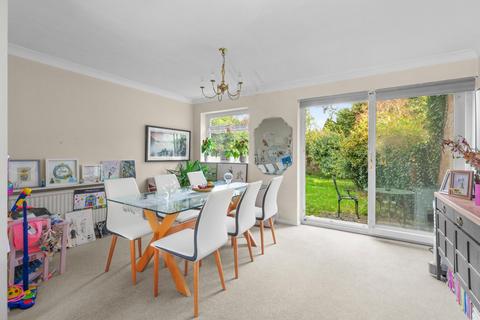 undefined, Devonshire Close, Amersham, Buckinghamshire, HP6 5JG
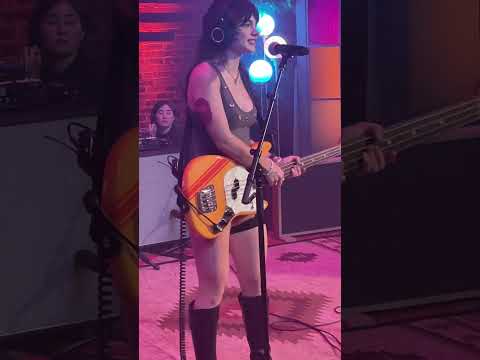 Pacifica (band)Live-Martina recites poem, tells joke and is totally charming 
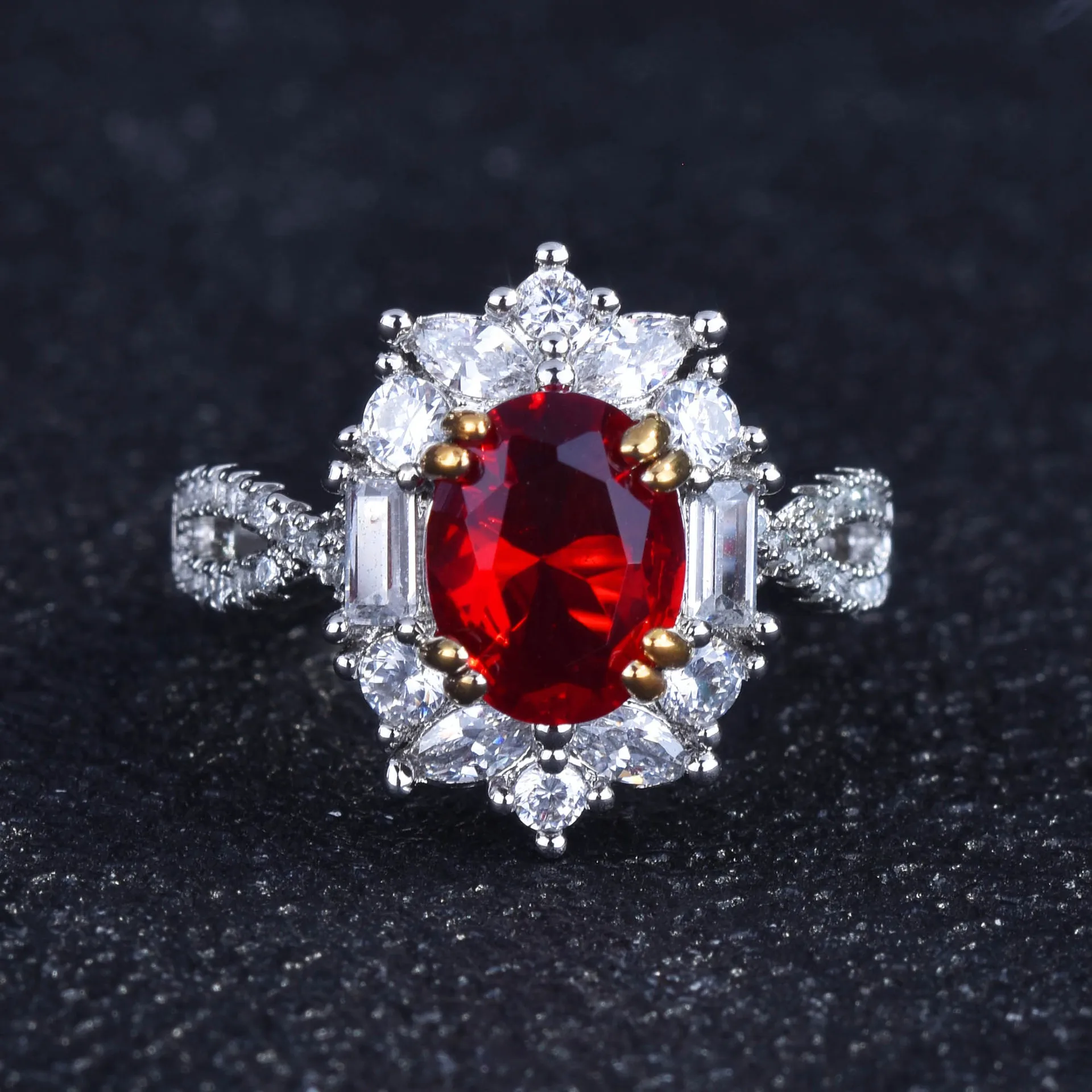 Nuevo anillo de plata con rubí artificial de 3 quilates de alta costura, anillo de mujer Seiko con apertura simple y generosa y piedras preciosas de colores.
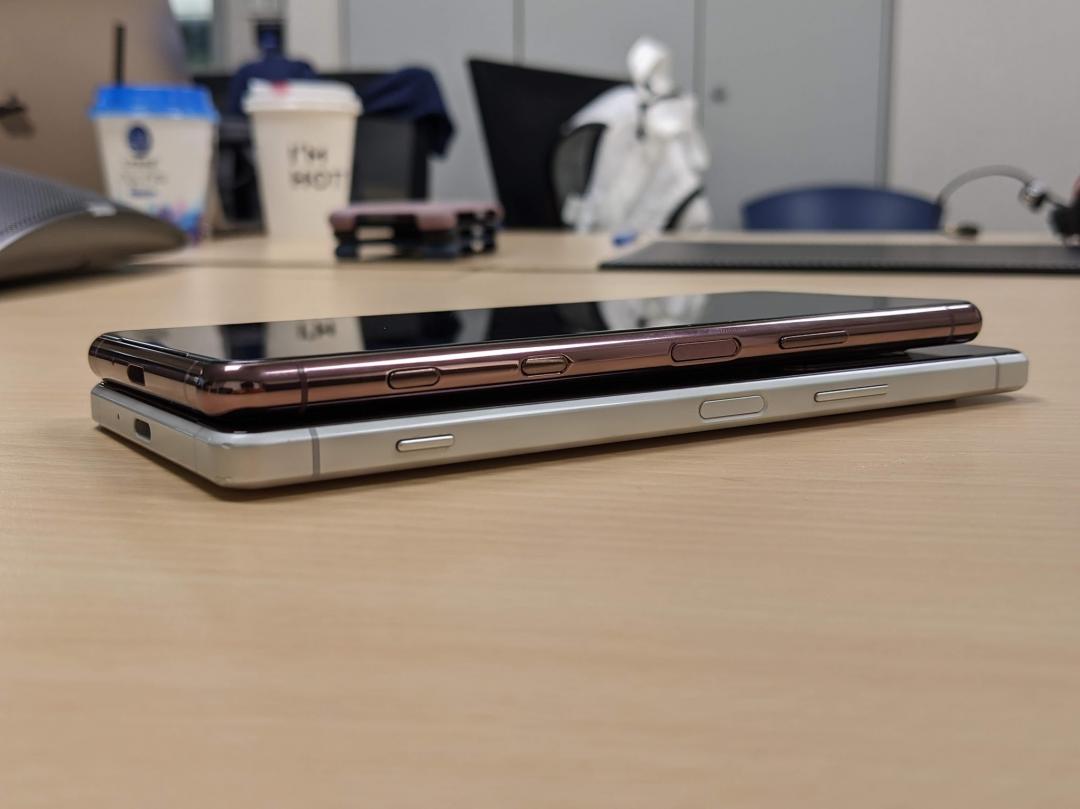 上層為 Xperia 5 II、下為 Xperia 1 II，兩者的邊框設計有所不同。（圖／記者黃肇祥攝）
---+---
AIM OF THE TASK —
Copy only what lies between the start of the listing above and the line containing "Pacifica (band)Live-Martina recites", inclusive of both ends, exactly as written, and drop the pictures.

WRITTEN RESPONSE —
 undefined, Devonshire Close, Amersham, Buckinghamshire, HP6 5JG
 Pacifica (band)Live-Martina recites poem, tells joke and is totally charming 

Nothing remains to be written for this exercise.